Warc, 28 May 2014
LONDON: A proliferation of touchpoints means that brands are
having to reconsider how they engage with consumers and add value to those
interactions, with service design emerging as a new discipline aimed at
achieving that goal.
According to Dan Harris, director at service design agency
Fjord, "service design is about fusing a brand's 'top down' commercial
value-driven perspective – what it stands for, what customers can expect from
it – with 'bottom-up' emotionally-driven insight into more fundamental human
motivation and needs".
Writing in Marketing, he explained that design creativity
could help brands "rethink their entire ecosystem" and develop ways
to be useful to consumers that went beyond the original product or service.
Nike, for example, was enabling consumers to become better
athletes through its Nike+ Fuelband.
As Paul Kemp-Robertson of Contagious Communications noted in
Market Leader: "The brand has created a community of advocates who regard
Nike as a health and wellbeing partner, providing useful services and tools.

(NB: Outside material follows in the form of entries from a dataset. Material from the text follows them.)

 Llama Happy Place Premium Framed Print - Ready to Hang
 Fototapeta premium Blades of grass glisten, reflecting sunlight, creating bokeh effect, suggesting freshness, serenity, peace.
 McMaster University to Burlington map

The Nike+ FuelBand becomes an integral part of their daily lives."
Similarly, British Gas has moved beyond a role as a mere
utility service with the introduction of its Hive Active Heating system, which
allows smartphone monitoring and control of temperature and heating from
outside the house.
Kemp-Robertson further observed that when Delta Airlines had
come out of bankruptcy the entire company, including the marketing department,
had been converted to the principle of service design.

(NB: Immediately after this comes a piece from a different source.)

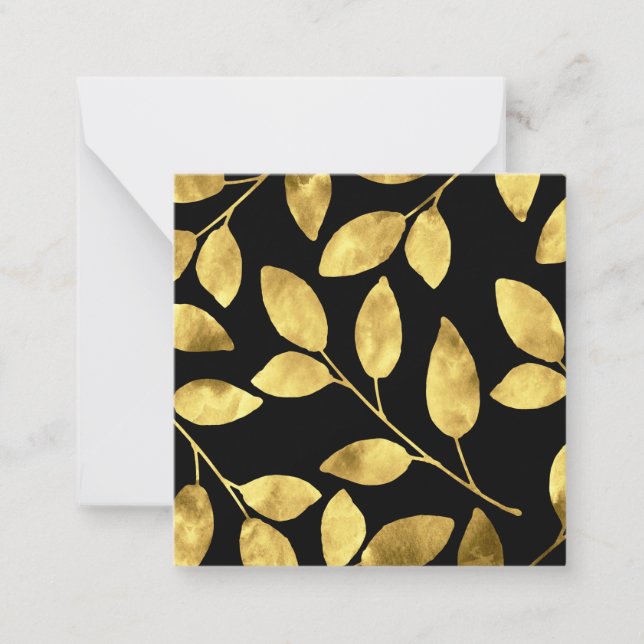 Gold and Black Watercolor Leaves Card (Front)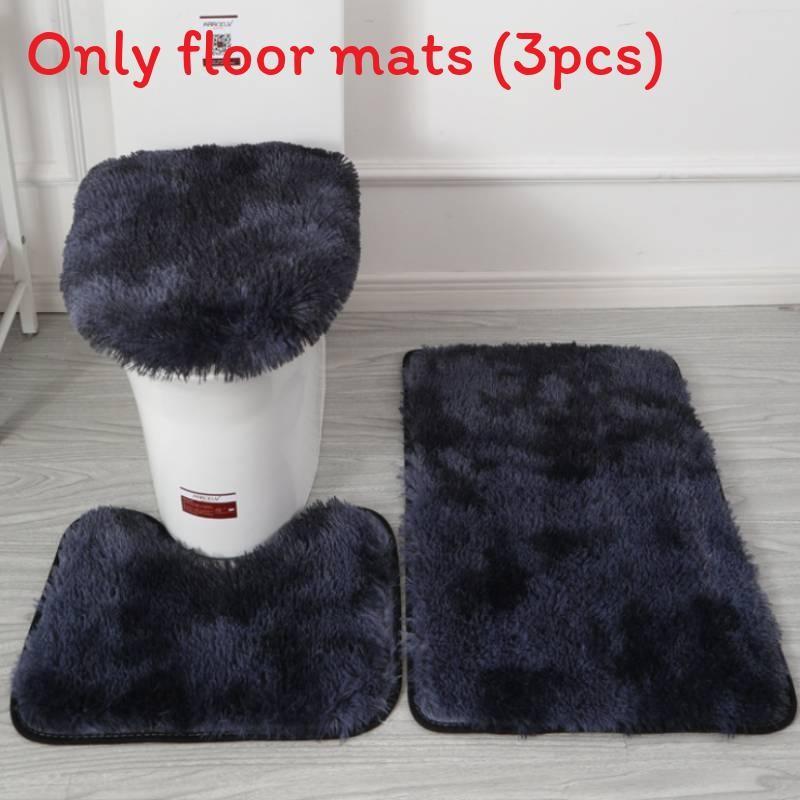 Non Dye Tie Slip Mat Fluffy Plush Bathroom Toilet Seat Cover Carpet 3 Set Piece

As a result it had changed its view of itself, from a travel
brand to a destination brand, and had developed services such as an app to
enable concerned passengers to track their bags at every point in the journey.
Service design, argued Harris, can help brands and
organisation build a connection with consumers over the long term, creating
services that grow with consumers' evolving needs by delivering value over
time. That required marketers to broaden their use of data and personalise
services more effectively.
"The risk for brands that don't embrace this approach
is that a start-up will come along and do it better," he said.